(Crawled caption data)
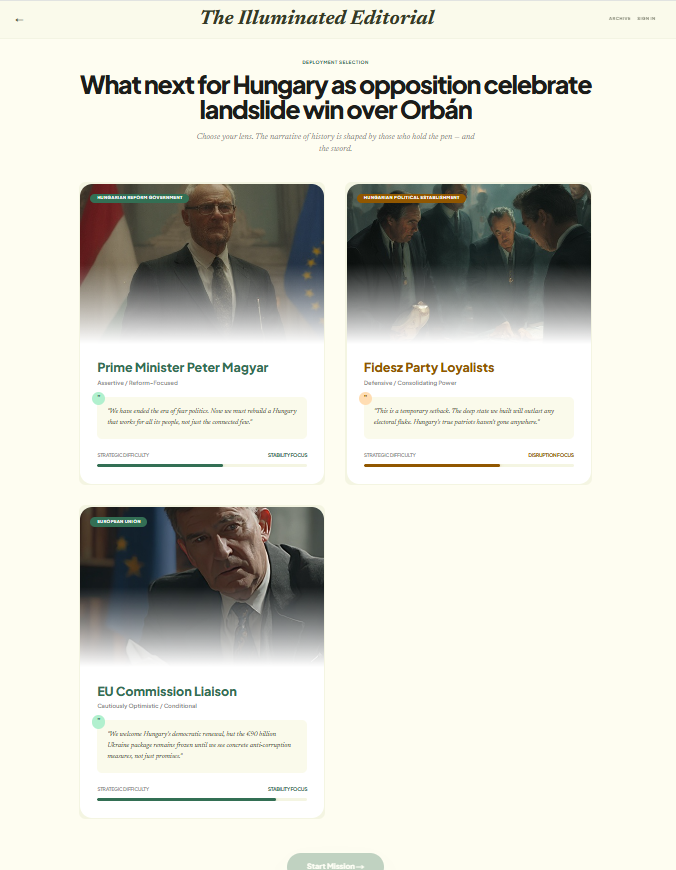 Plot the News screenshot 3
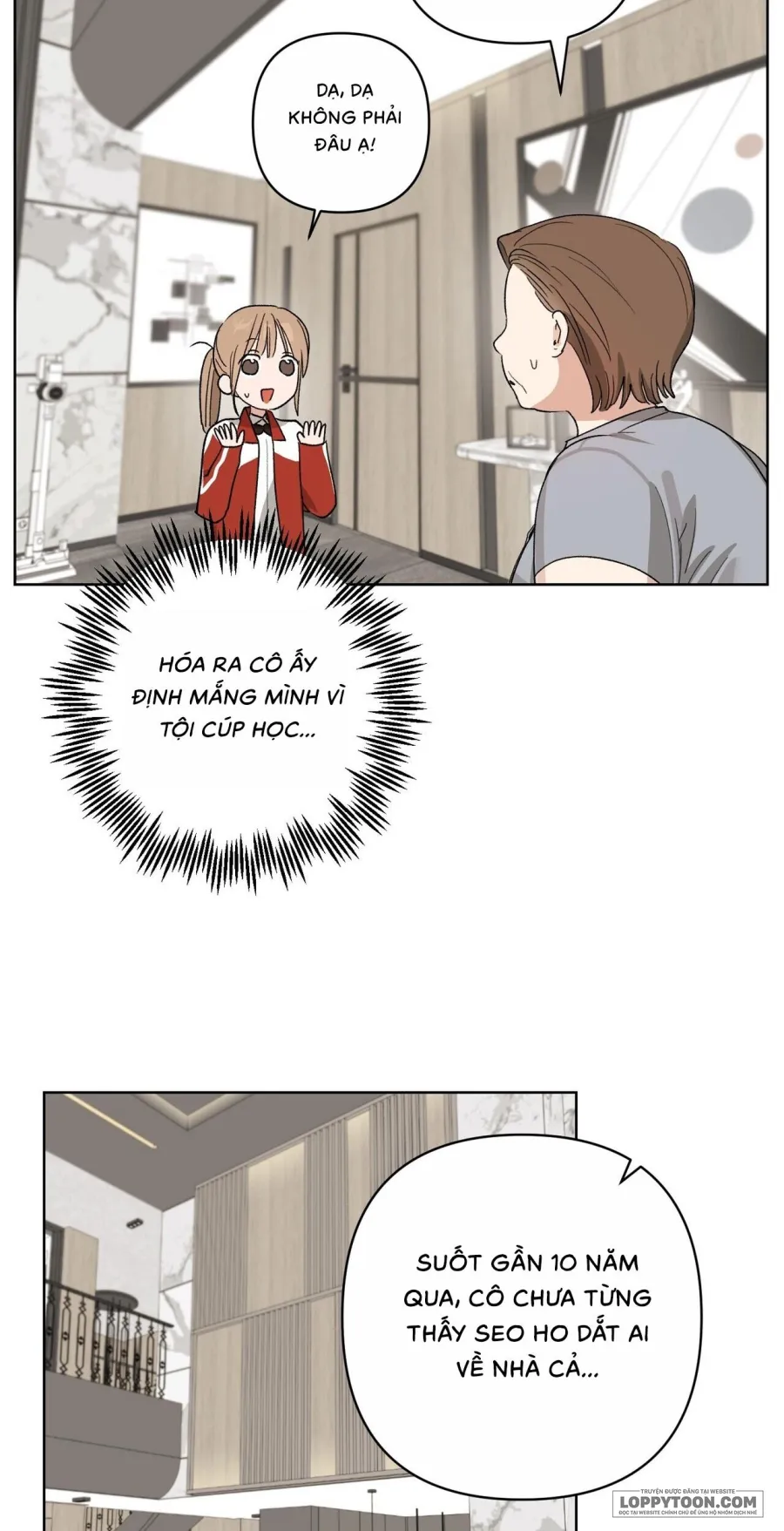 Chạm Vào Cơ Thể - Chap 15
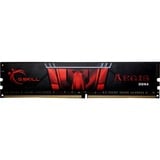 G.Skill 8 GB DDR4-2400 (1x 8 GB) werkgeheugen F4-2400C17S-8GIS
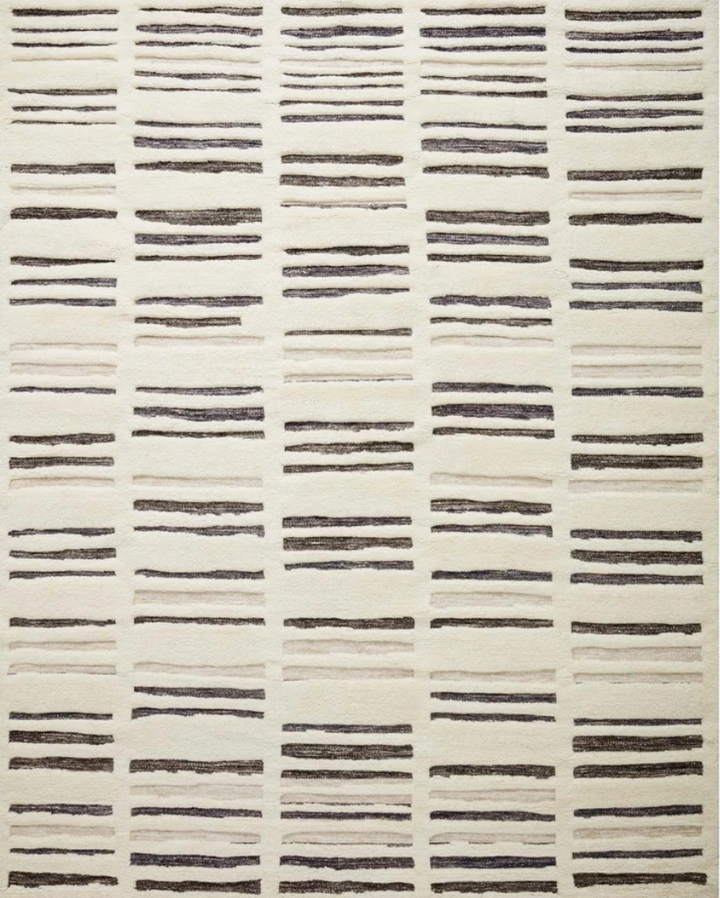 Redefine Comfort: Bennet Rug - Hand-Knotted Opulence!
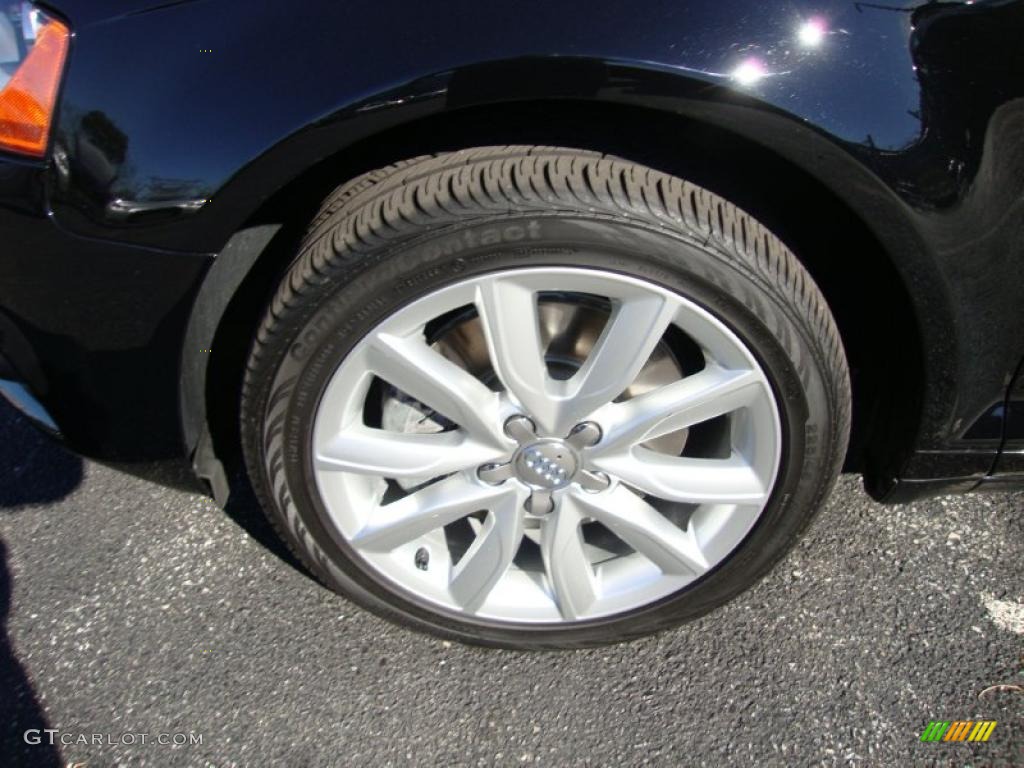 2010 Audi A3 2.0 TFSI Wheel Photo #39181751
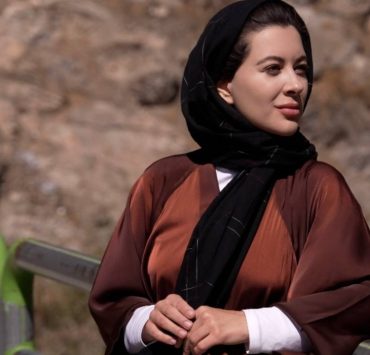 У «гостях» у талібів: Раміна побувала в Афганістані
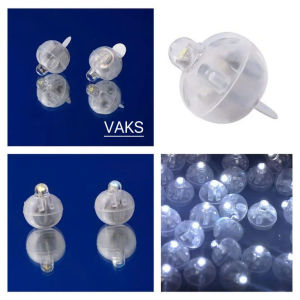 Combo 40 Quả cầu bi led mini - TRẮNG ko chớp – Trang trí đồ thủ công handmade lung linh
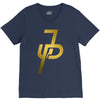 jake paul gold V-Neck Tee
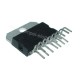 TDA 7376B IC 2 X 35W POWER AMPLIFIER MULTIWATT15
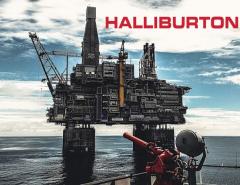 Halliburton отчиталась о росте прибыли благодаря увеличению объема буровых работ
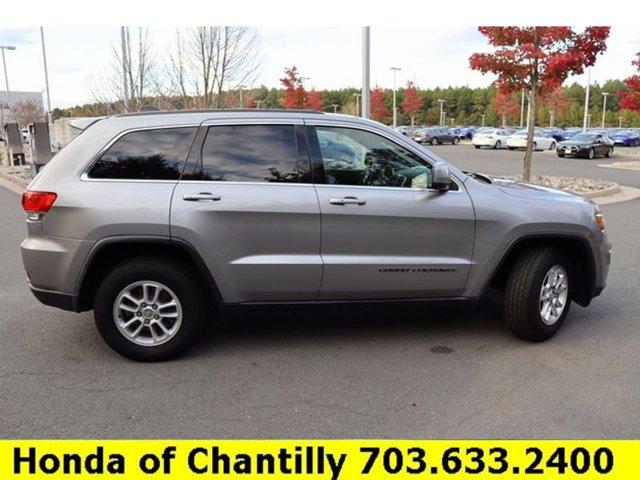 used 2018 Jeep Grand Cherokee car, priced at $14,588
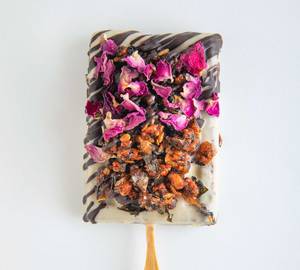 Paan delight - Mini Waffle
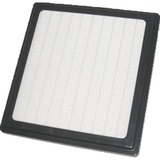 Nilfisk 147 0180 500 accesorio y suministro de vacío Filtro, Filtros negro, Filtro, Negro, Blanco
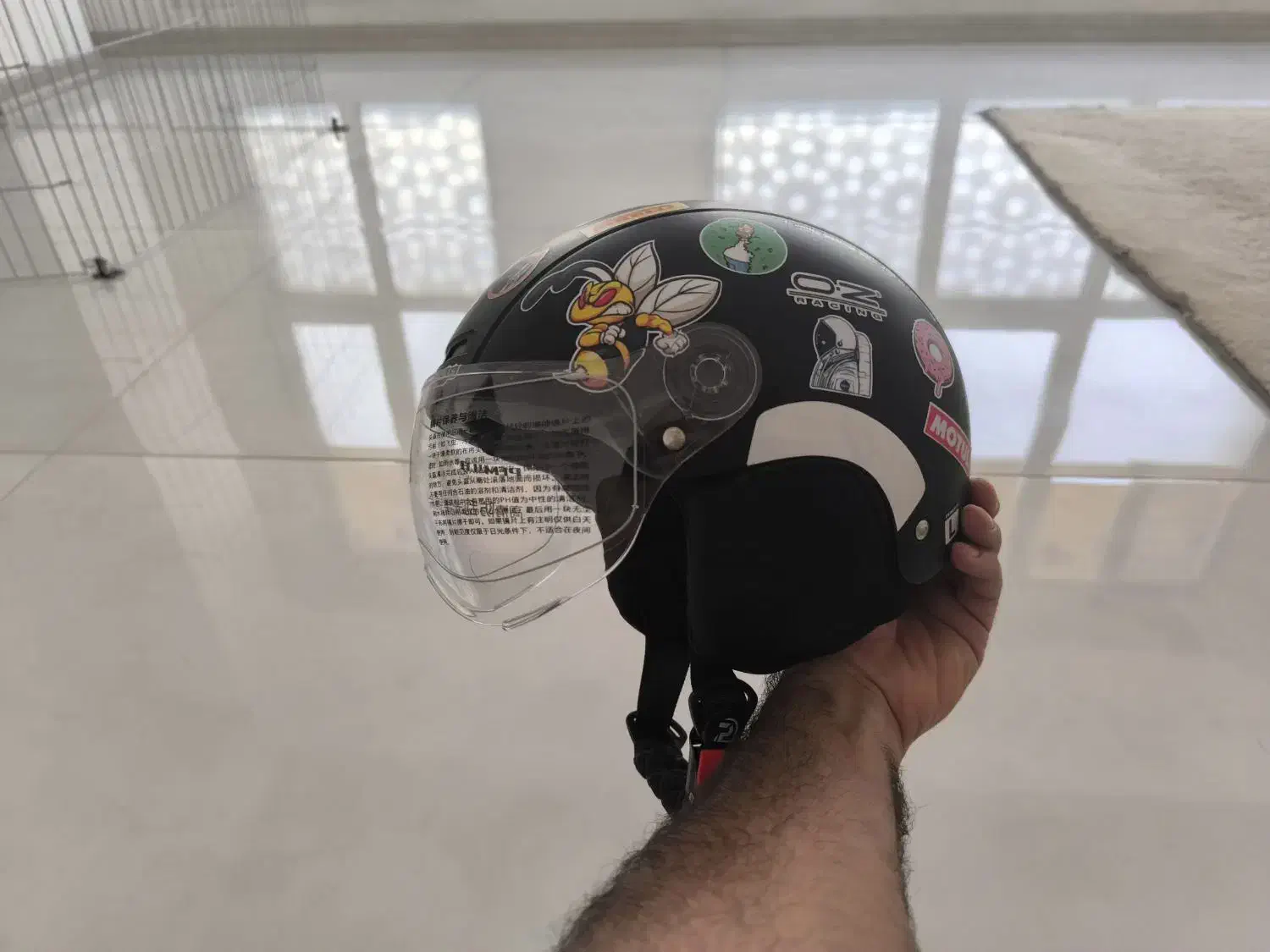 کلاه کاسکت و ایمنی|دوچرخه، اسکیت، اسکوتر|قم, باغ کرباسی|دیوار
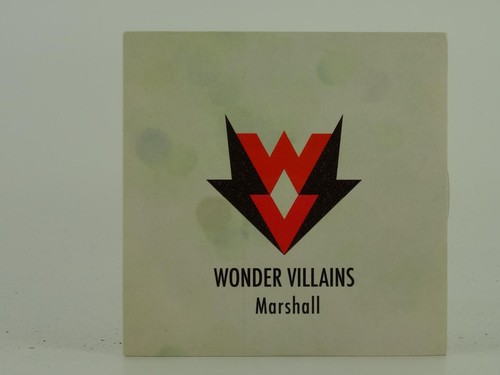 Wonder villains marshall - wonder,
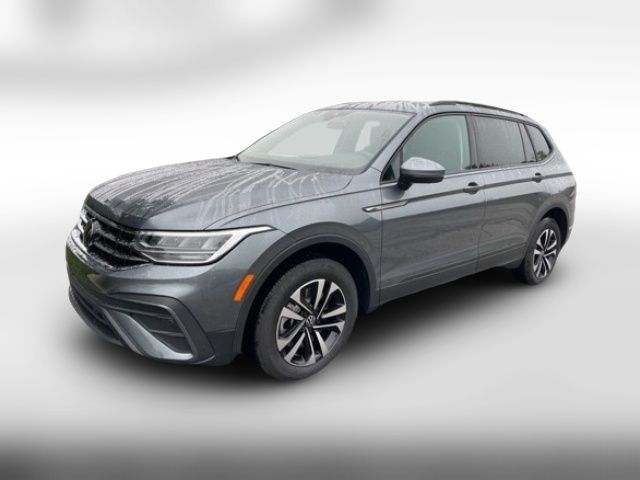 2024 Volkswagen Tiguan S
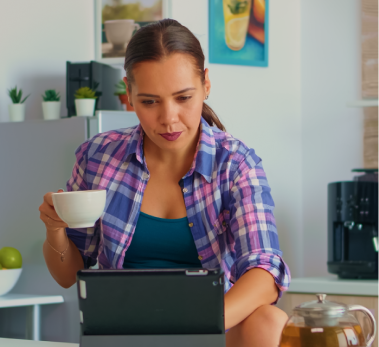 imagen de un cliente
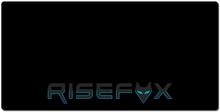 risefoxix XXL Gaming Mousepad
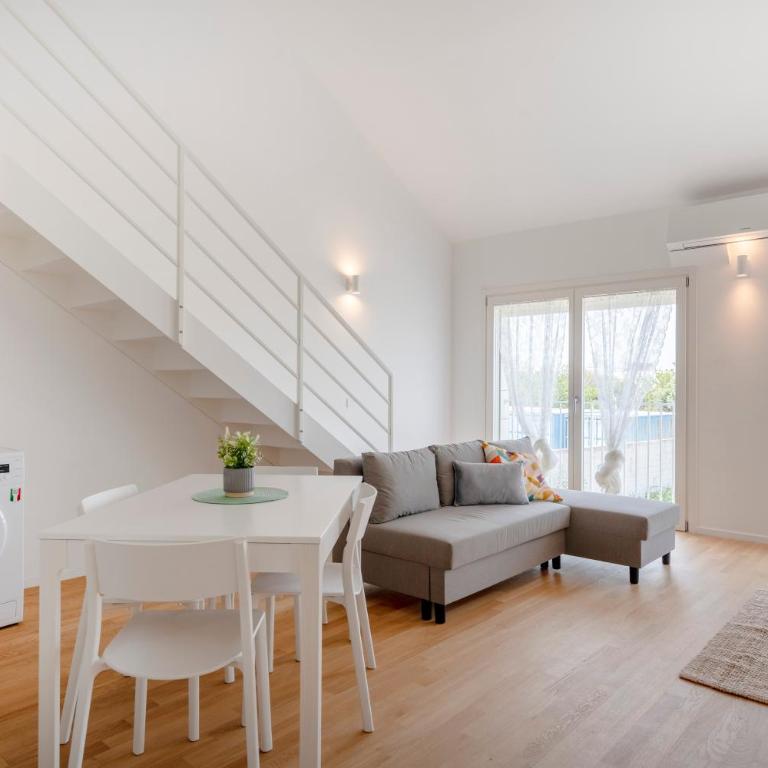 Dimora Adriatica - Two-Bedroom Deluxe Apartment with Ocean View - 3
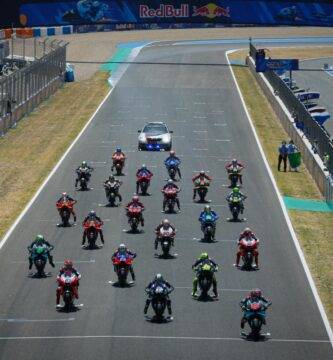 Sagnier (Dorna MotoGP): "Sería osado decir que habrá público"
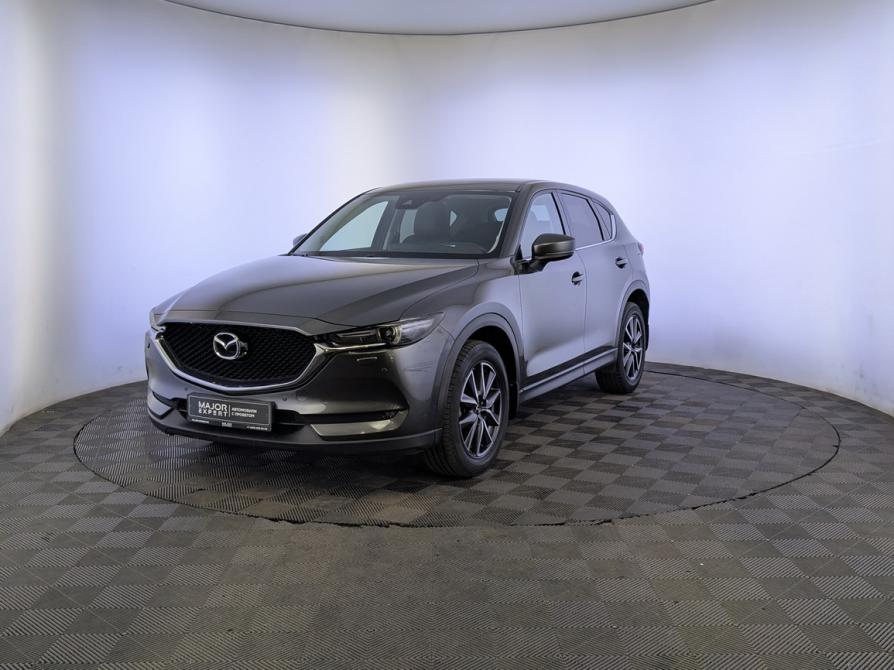 Mazda CX-5 II Москва  - изображение 1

* [Instructions for the task]:
All pictures must be left out. Reproduce exactly the lines from the one containing "Redefine Comfort: Bennet" to the final line of the entries.

* [Your solution]:
 Redefine Comfort: Bennet Rug - Hand-Knotted Opulence!
 2010 Audi A3 2.0 TFSI Wheel Photo #39181751
 У «гостях» у талібів: Раміна побувала в Афганістані
 Combo 40 Quả cầu bi led mini - TRẮNG ko chớp – Trang trí đồ thủ công handmade lung linh
 jake paul gold V-Neck Tee
 TDA 7376B IC 2 X 35W POWER AMPLIFIER MULTIWATT15
 Halliburton отчиталась о росте прибыли благодаря увеличению объема буровых работ
 used 2018 Jeep Grand Cherokee car, priced at $14,588
 Paan delight - Mini Waffle
 Nilfisk 147 0180 500 accesorio y suministro de vacío Filtro, Filtros negro, Filtro, Negro, Blanco
 کلاه کاسکت و ایمنی|دوچرخه، اسکیت، اسکوتر|قم, باغ کرباسی|دیوار
 Wonder villains marshall - wonder,
 2024 Volkswagen Tiguan S
 imagen de un cliente
 risefoxix XXL Gaming Mousepad
 Dimora Adriatica - Two-Bedroom Deluxe Apartment with Ocean View - 3
 Sagnier (Dorna MotoGP): "Sería osado decir que habrá público"
 Mazda CX-5 II Москва  - изображение 1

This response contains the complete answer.